Whamcloud - gitweb
LU-16160 llite: SIGBUS is possible on a race with page reclaim 47/49647/2
authorAndrew Perepechko <andrew.perepechko@hpe.com>
Sun, 15 Jan 2023 16:55:58 +0000 (11:55 -0500)
committerOleg Drokin <green@whamcloud.com>
Fri, 27 Jan 2023 00:32:24 +0000 (00:32 +0000)
We can restart fault handling if page truncation happens
in parallel with the fault handler.

Change-Id: I6e60783e3334f87e799dc8b0e6e63d0bb358a236
Signed-off-by: Andrew Perepechko <andrew.perepechko@hpe.com>
Signed-off-by: Patrick Farrell <farr0186@gmail.com>
Reviewed-on: https://review.whamcloud.com/c/fs/lustre-release/+/49647
Tested-by: jenkins <devops@whamcloud.com>
Tested-by: Maloo <maloo@whamcloud.com>
Reviewed-by: Andreas Dilger <adilger@whamcloud.com>
Reviewed-by: Oleg Drokin <green@whamcloud.com>
lustre/include/lustre_compat.h
lustre/llite/llite_internal.h
lustre/llite/llite_lib.c
lustre/llite/llite_mmap.c
lustre/llite/vvp_page.c
lustre/obdclass/cl_page.c
lustre/tests/sanityn.sh

index b4efb01..965d331 100644 (file)
@@ -397,9 +397,9 @@ static inline void __user *get_vmf_address(struct vm_fault *vmf)
 }
 
 #ifdef HAVE_VM_OPS_USE_VM_FAULT_ONLY
-# define ll_filemap_fault(vma, vmf) filemap_fault(vmf)

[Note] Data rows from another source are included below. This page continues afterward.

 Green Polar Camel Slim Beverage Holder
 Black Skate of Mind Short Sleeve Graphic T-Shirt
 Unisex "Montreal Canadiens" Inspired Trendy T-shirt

+# define __ll_filemap_fault(vma, vmf) filemap_fault(vmf)
 #else
-# define ll_filemap_fault(vma, vmf) filemap_fault(vma, vmf)

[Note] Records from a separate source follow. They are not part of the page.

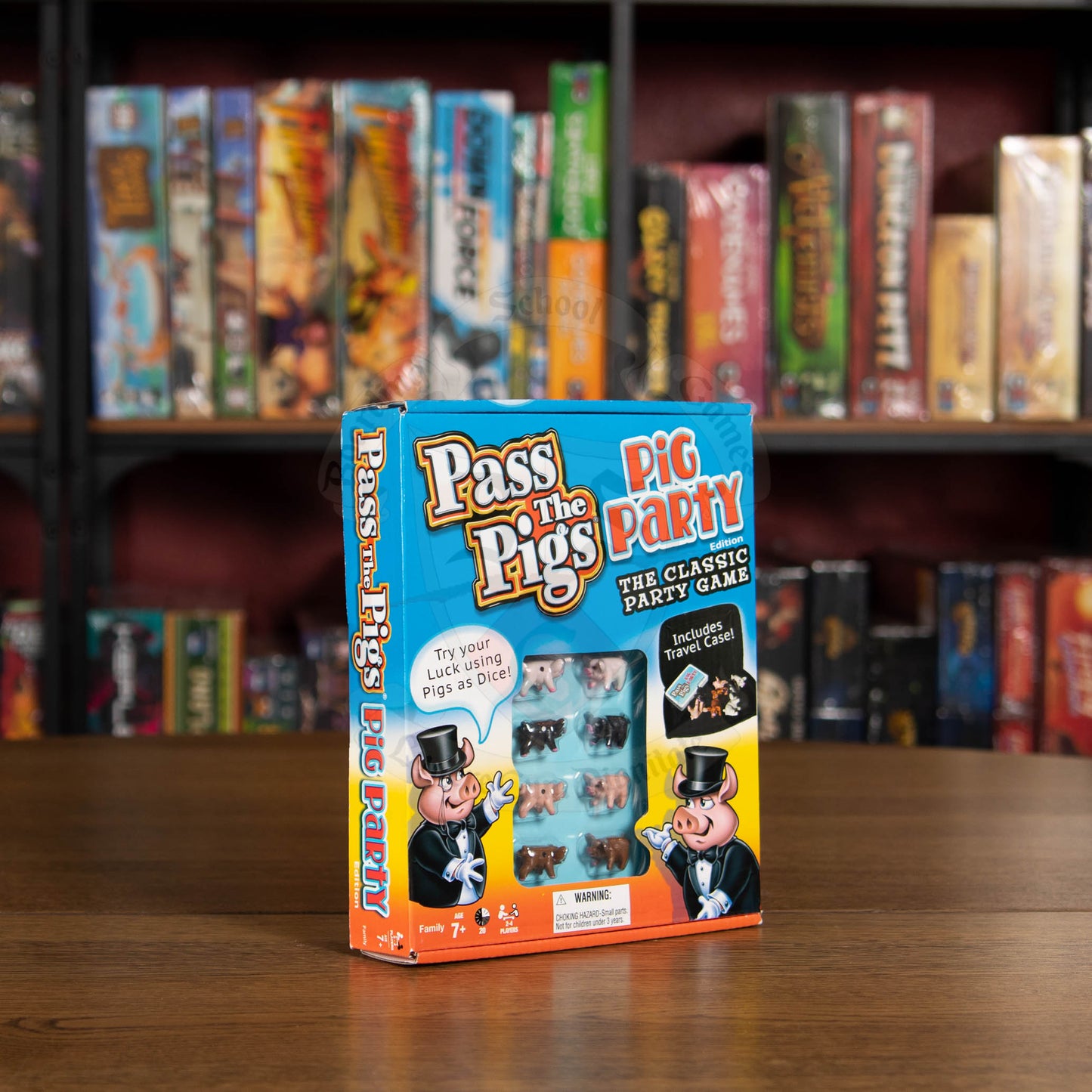 (BSG Certified USED) Pass the Pigs: Pig Party Revised Edition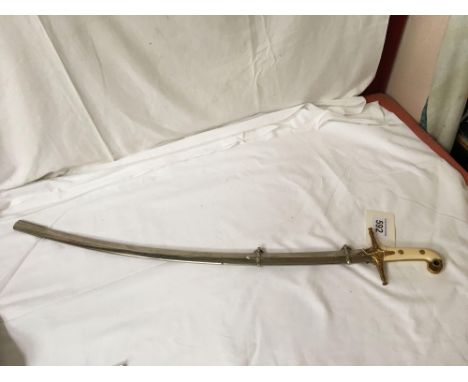  Sale Item:    HENRY WILKINSON LONDON SWORD - HANDLE BROKEN (AF)  Vat Status:   No Vat   Buyers Premium:  This lot is subject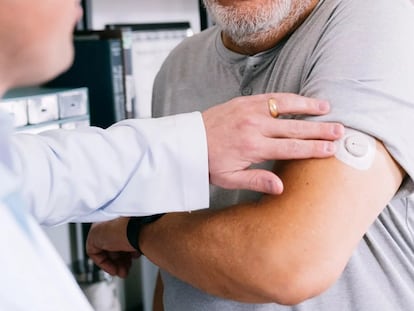 Este gadget permite que conozcas tus niveles de glucosa en sangre en tiempo real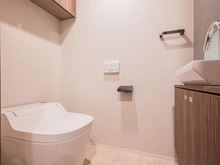 【東京都/江東区亀戸】プラウドタワー亀戸クロス ブライトタワー トイレ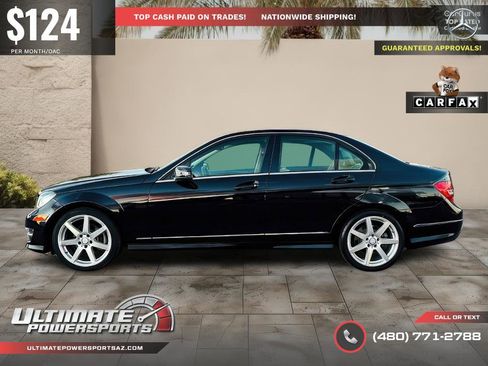 Used 2014 Mercedes-Benz C 250 Sport image 9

+# define __ll_filemap_fault(vma, vmf) filemap_fault(vma, vmf)
 #endif
 
 #ifndef HAVE_CURRENT_TIME
index 45ab7b1..bdbfbb0 100644 (file)
@@ -43,6 +43,7 @@
 #include <linux/compat.h>
 #include <linux/aio.h>
 #include <linux/parser.h>
+#include <linux/seqlock.h>
 #include <lustre_compat.h>
 #include <lustre_crypto.h>
 #include <range_lock.h>
@@ -279,6 +280,7 @@ struct ll_inode_info {
        struct mutex                    lli_xattrs_enq_lock;
        struct list_head                lli_xattrs; /* ll_xattr_entry->xe_list */
        struct list_head                lli_lccs; /* list of ll_cl_context */
+       seqlock_t                       lli_page_inv_lock;
 };
 
 #ifndef HAVE_USER_NAMESPACE_ARG
@@ -1822,4 +1824,6 @@ int ll_manage_foreign(struct inode *inode, struct lustre_md *lmd);
 bool ll_foreign_is_openable(struct dentry *dentry, unsigned int flags);
 bool ll_foreign_is_removable(struct dentry *dentry, bool unset);
 
+int ll_filemap_fault(struct vm_area_struct *vma, struct vm_fault *vmf);
+
 #endif /* LLITE_INTERNAL_H */
index 13b6dcb..114c84c 100644 (file)
@@ -1256,6 +1256,7 @@ void ll_lli_init(struct ll_inode_info *lli)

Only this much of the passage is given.